Di solito lo si tiene in considerazione sia per le carni che per i pesci, ma sopratutto per quei prodotti particolarmente sensibili al calore.
Un esempio su tutti sono le carni rosse, dove basta anche una differenza di 2 o 3 °C per spostare il grado di cottura da “al sangue” a “medio”.
Se invece siete dei principianti, avete appena imparato qualcosa di nuovo!
Quindi ora sappiamo che durante la fase di rigenerazione, potremmo correre il rischio di rovinare il prodotto.
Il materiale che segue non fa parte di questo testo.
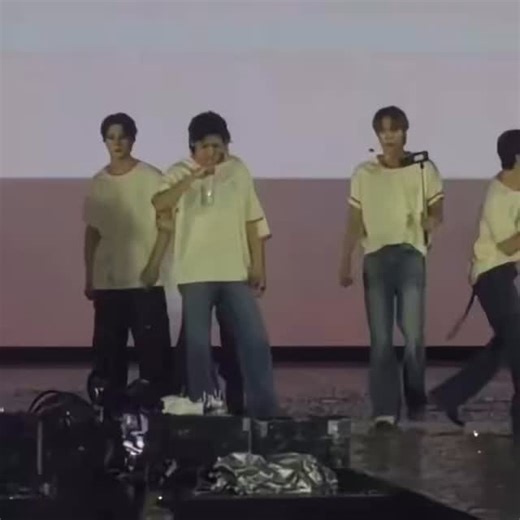 𝔬𝔫𝔢 𝔞𝔯𝔢 𝔴𝔢? | KAI mencoba memberikan kamera kepada hyungnya CHANYEOL, tapi CHANYEOL mengabaikannya dan tidak mengambilnya 😆 🔗 pcy_base #exo | Instagram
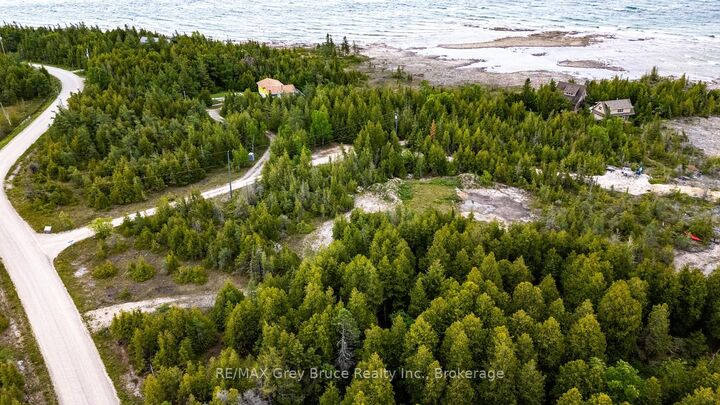 149 Robert Allen Drive — photo 1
Non solo sbagliando il grado di cottura ma, come ho accennato prima, rischiando anche un irrigidimento dei tessuti dell’alimento stesso.
Per questo motivo, voglio spiegarvi come con pochi e semplici concetti è possibile calcolare la rigenerazione perfetta.
Perciò seguite attentamente il mio ragionamento, perché se riuscirete a impossessarvi di queste nozioni, alzerete notevolmente il vostro livello di professionalità.
Facciamo un esempio appositamente con una carne sensibile alla rigenerazione, proprio per capire in modo approfondito come funzionano le dinamiche di questo fenomeno.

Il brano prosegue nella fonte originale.